((

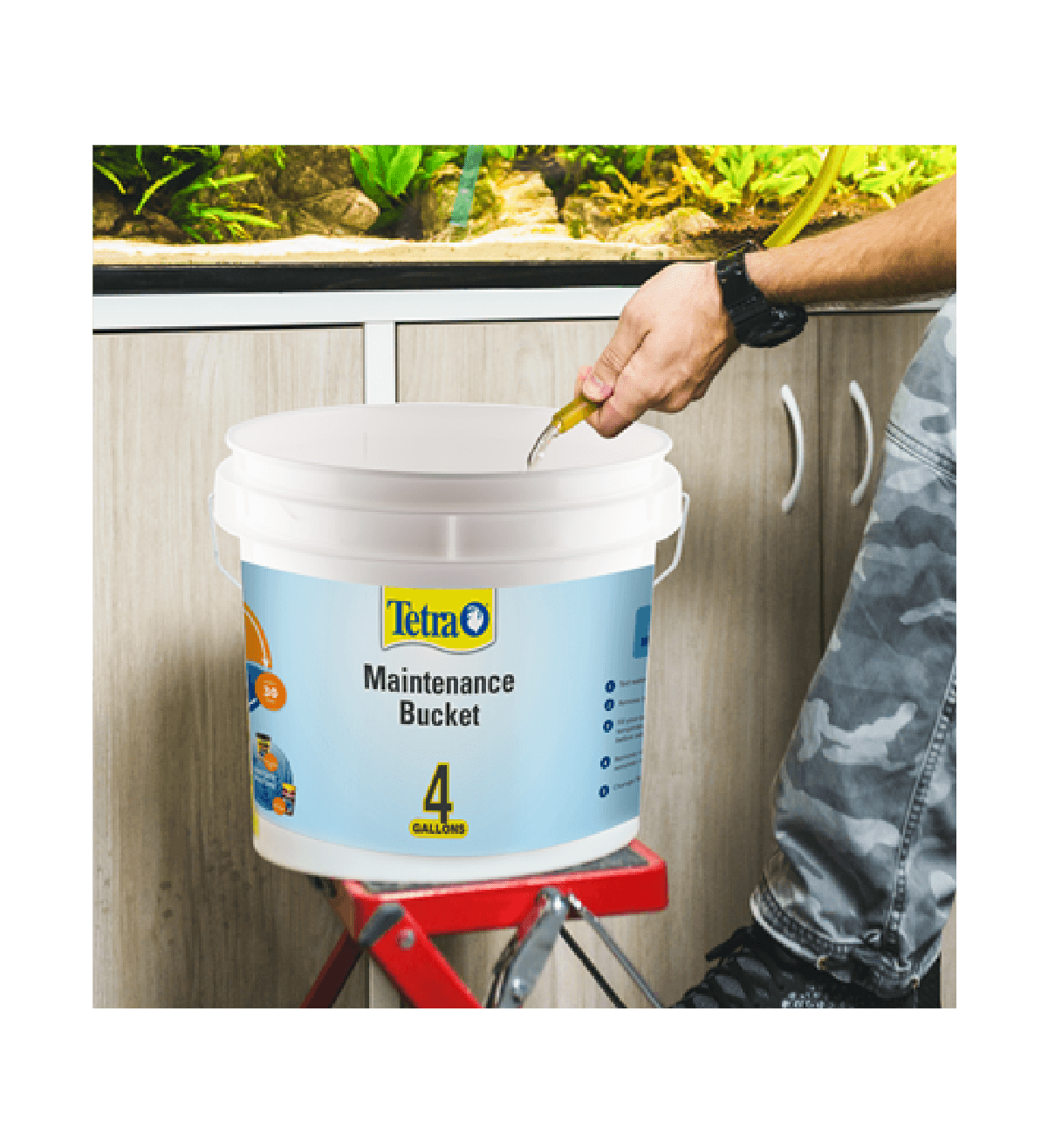 Cubo de 4 galones In Use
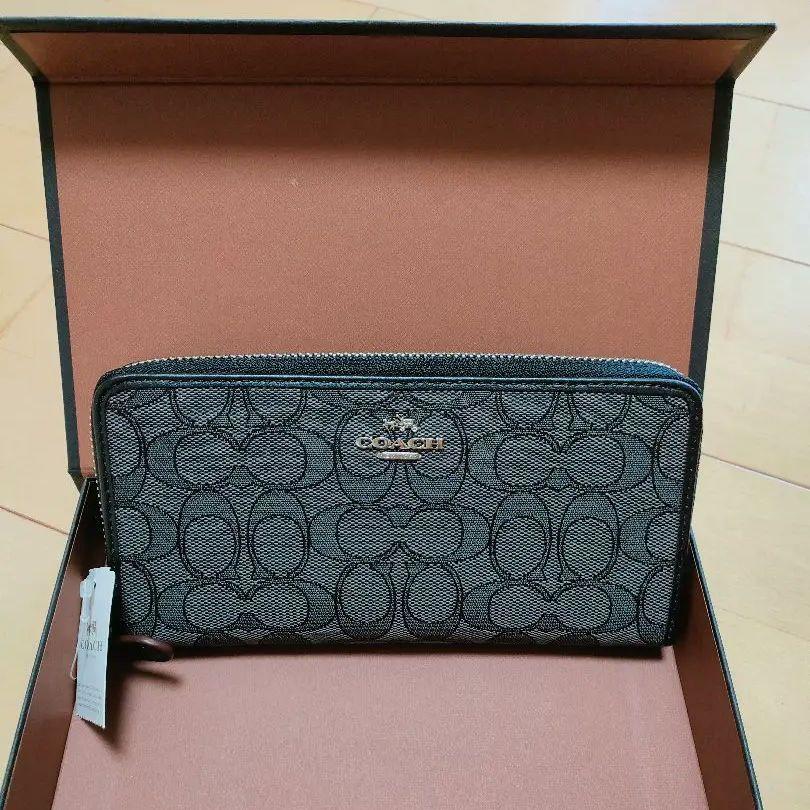 未使用 COACH コーチ 長財布 シグネチャー バスキア
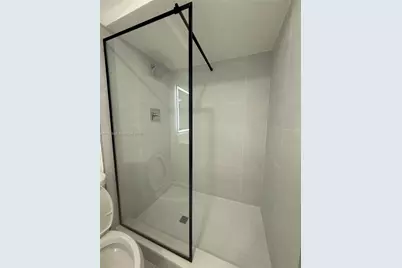 210 Lakeview Dr #109, Weston, FL 33326 - Photo 11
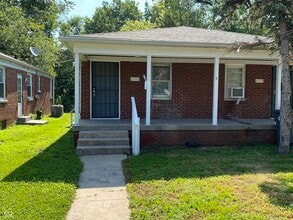 Building Photo - 1111 Medford Ave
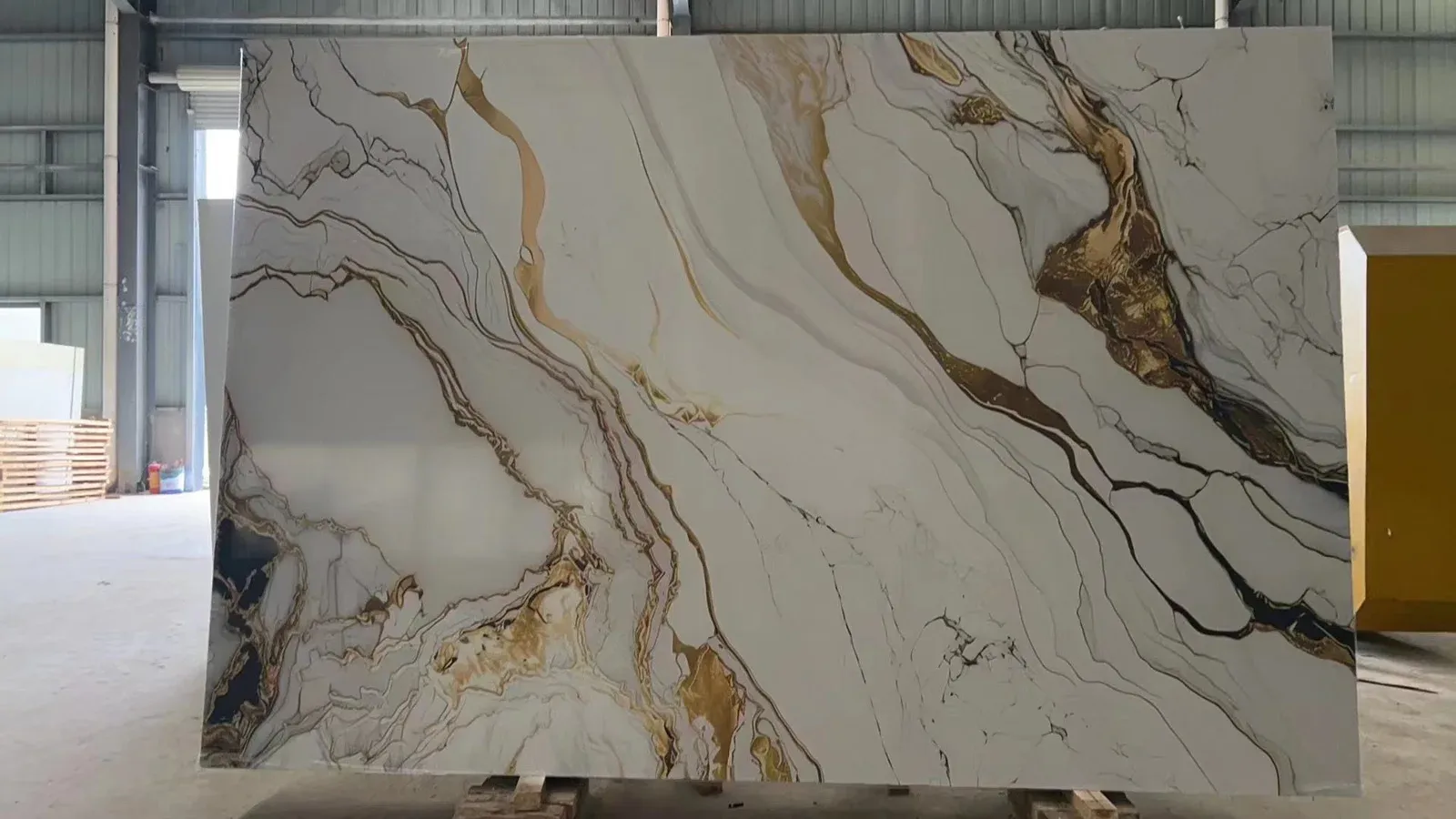 Artificial Calacatta Gold Fantasy Stone Slab – Beige Base with Bold Gold & Bronze Veins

))

Leaving the pictures aside, transcribe only the lines from the one containing "210 Lakeview Dr" to the final line of the listing above, inclusive, exactly as they appear.

FINISHED TASK -
 210 Lakeview Dr #109, Weston, FL 33326 - Photo 11
 Building Photo - 1111 Medford Ave
 Artificial Calacatta Gold Fantasy Stone Slab – Beige Base with Bold Gold & Bronze Veins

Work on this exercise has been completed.